The Frog-Fish from Surinam (1776)

Cover page of the Universal Magazine for the month of July 1776

The frog-fish,with two hydra sponges, and a curious machine

This page indicates the way Londoners (and American colonists) acquired knowledge of natural history in 1776. The article in The Universal Magazine headlines “Description of the Frog-Fish of Surinam. Illustrated with an accurate Engraving of that extraordinary Animal.” The text reveals confused knowledge about amphibians:

The frog-fish is an animal whose singularity claims our attention. It is not to be met with in the British Museum, or in any private English collection, except that of Dr. Fothergill. It was brought from Surinam in South America.

In the Appendix to Merian’s Natural History of the Insects of that country, where she treats of the transformation of fishes into frogs and frogs into fishes; after explaining the manner in which the European frog is changed from a diminutive fish or tadpole into a perfect frog, she proceeds to describe the gradual transformation of a species of frog, found in these parts, into a perfect fish . . .
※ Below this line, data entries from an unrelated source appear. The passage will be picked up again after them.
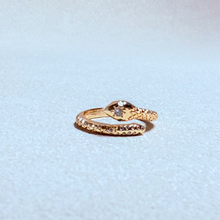 Load image into Gallery viewer, A gold snake ring with a textured scale pattern and a small clear gemstone on its head, resting on a light gray textured surface.
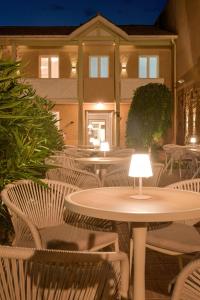 a patio with tables and chairs and a building at Hôtel Les Comtes de Pardiac in Marciac +22 photos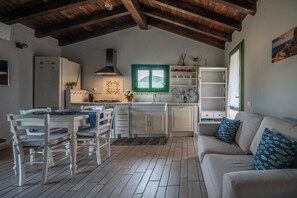 A kitchen with wooden beams, a dining table with chairs, a sofa, and a window with a view. - Atzori Home (Sant'Anna Arresi)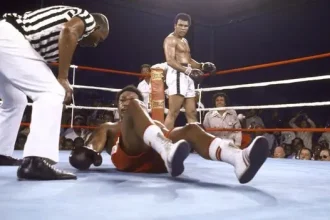 Muhammad Ali watches on as George Foreman struggles to get up after being knocked out.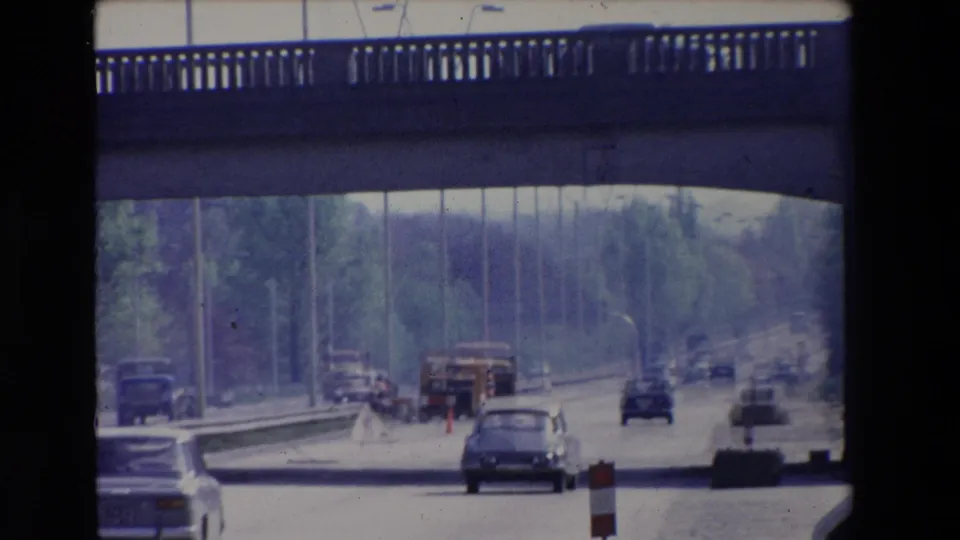 Paris, France 1969 home-movie frame showing classic automobiles on a divided multi-lane road, with a construction truck, cones, guardrail, trees, and an overpass edge in view.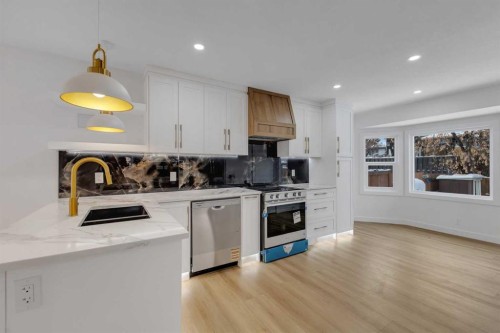 19 Cedargrove Place Sw, Calgary, AB - Indoor Photo Showing Kitchen With Double Sink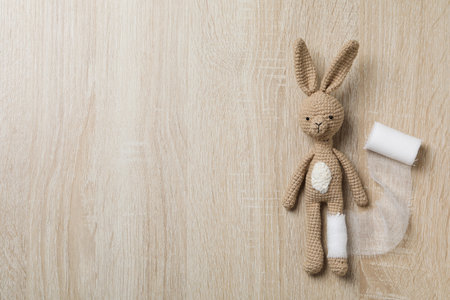 Concept of child injury with bunny with bandageの写真素材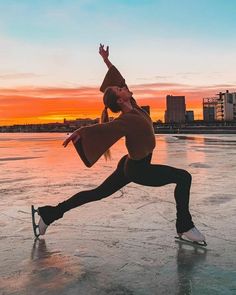 a woman is dancing on an ice rink at sunset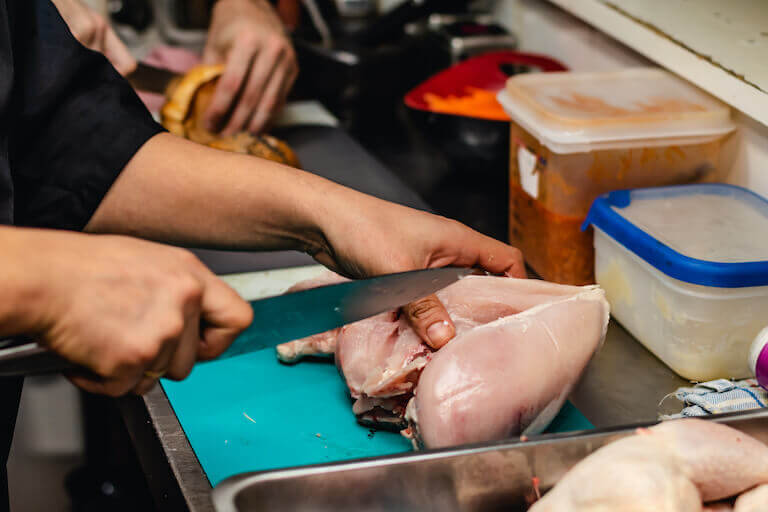 Close-up of hands butchering a raw chicken on a green cutting board in a restaurant kitchen, with plastic containers of other prepped ingredients nearby.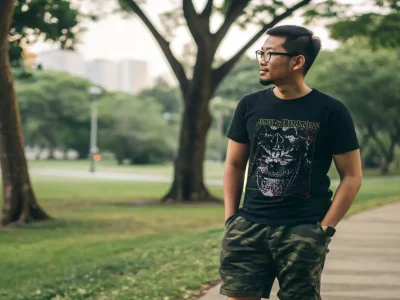 A man standing with hands in pockets in a lush park with trees and walking path, dressed casually with glasses.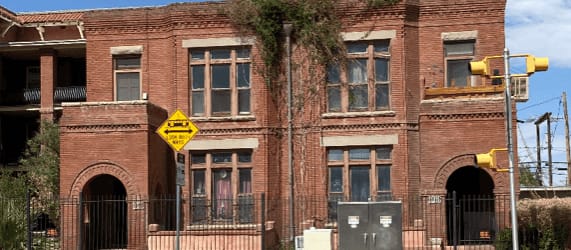 an old brick building on the corner of a street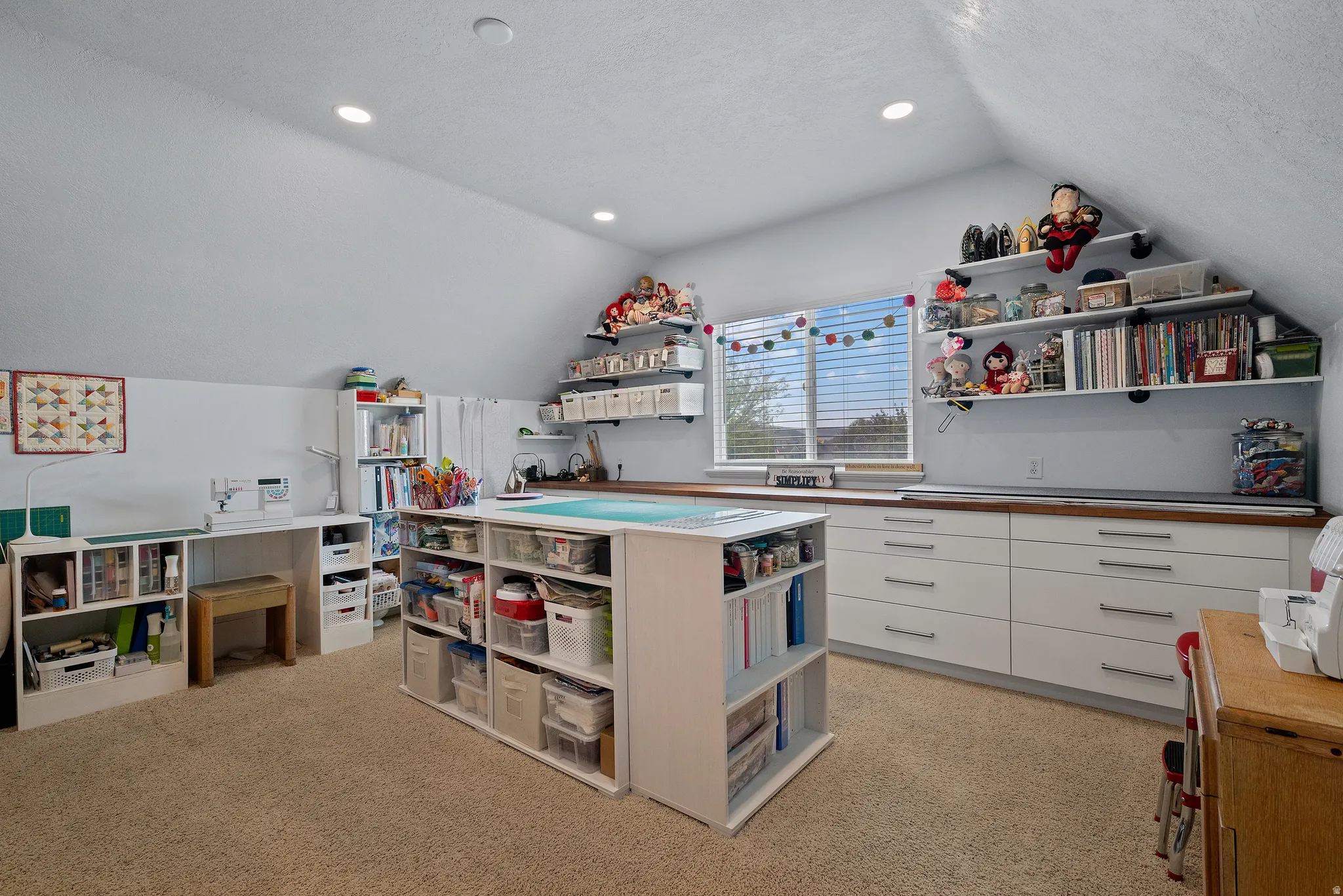 Attic space featuring sloped ceilings, recessed lighting, and carpeted flooring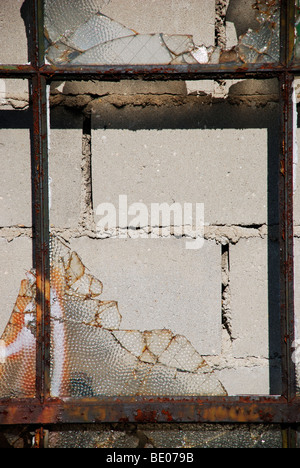 Außenseite des zerbrochenen Fenster zugemacht von innen mit Betonsteinen bilden einen bunten städtischen Gittermuster Stockfoto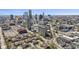 Scenic aerial view showcasing a city skyline and surrounding residential area on a sunny day at 310 E St Clair St, Indianapolis, IN 46202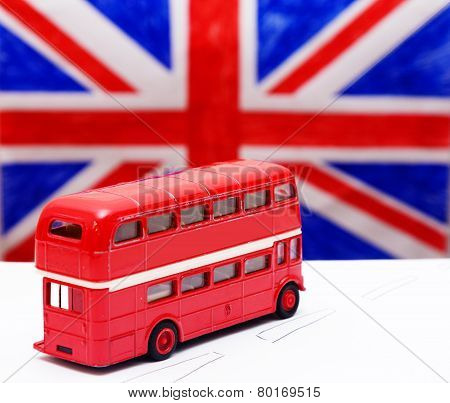 A Red Double Decker Bus And Flag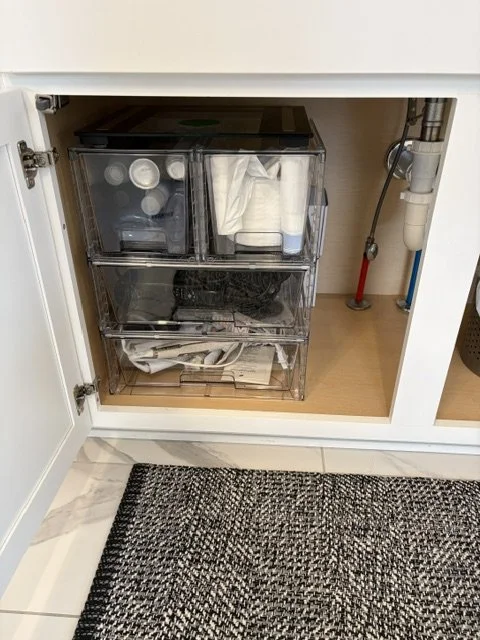 Open bathroom cabinet under the sink with clear storage bins holding cleaning supplies, toilet paper, and newspapers beside plumbing pipes.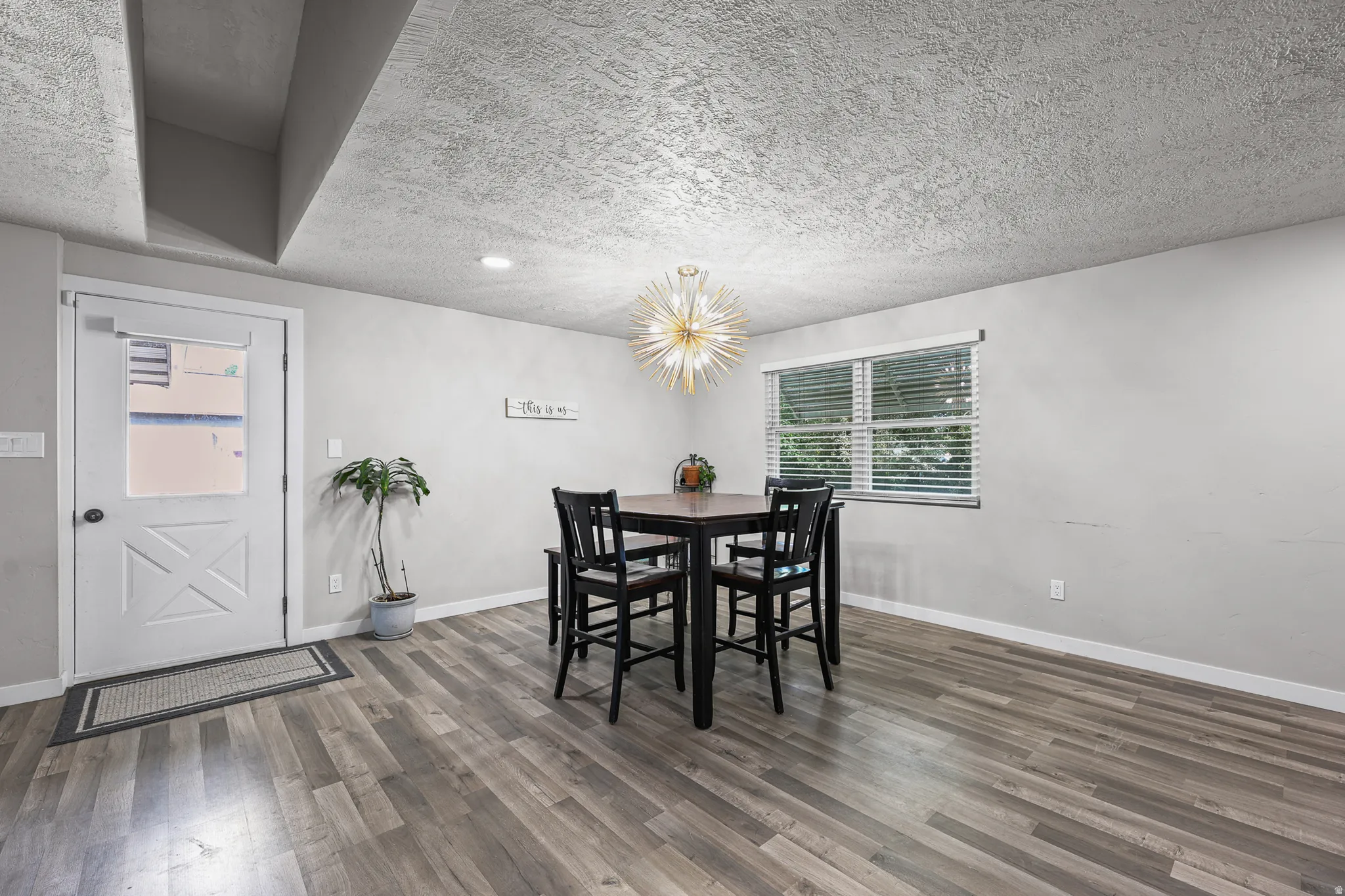 Dining area featuring wood-finish flooring, a modern sputnik chandelier, and a large window with blinds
Linnaeus calls this animal Paradoxa, in his Systema Naturae. . . .

Frogs, both in Asia and Africa, according to Merian, change gradually from fishes to frogs, as those in Europe; but, after many years, revert again to fishes, though the manner of their change has never been investigated. . . .

Whatever this animal is, it its perfect state, a species of frog with a tail, or a kind of water-lizard, requires a greater degree of sagacity to determine than we pretend. . . .

The average Londoner or American, reading this account, no doubt would agree with Linnaeus’s naming of this creature (probably an amphibious fish of the Amazon basin) Paradoxa. The sponge-like animal (?) illustrated in the middle of the same page is described appropriately as “a new Non-Descript Animal”:

a little animal of the Polype kind, taken up in the Trawl, on the north side of Spitsbergen-harbour, by Lord Mulgrave’s people, employed upon the voyage toward the North Pole, in 1773. It is quite new to the Natural Historians, and so different from the Zoophytes which have been hitherto described, that it may be considered as a distinct genus.

The third object on the page is “a machine for raising Water; executed at Oulton in Cheshire, in 1772.

Two issues of The Universal Magazine (July and August, 1776) also include “The Natural History of the Grasshopper by Dr. Goldsmith,” a “remarkable case of the Softness of the Bones, by Mr. Henry Thomson, Surgeon to the London, Hospital,” “Observations on the Qualities of the Burgundy Wines,” numerous poems, songs, and engravings, and an interesting article printed (without comment) under the headline “American Intelligence” that begins “In Congress, July 4, 1776” and includes the complete text of the American Declaration of Independence.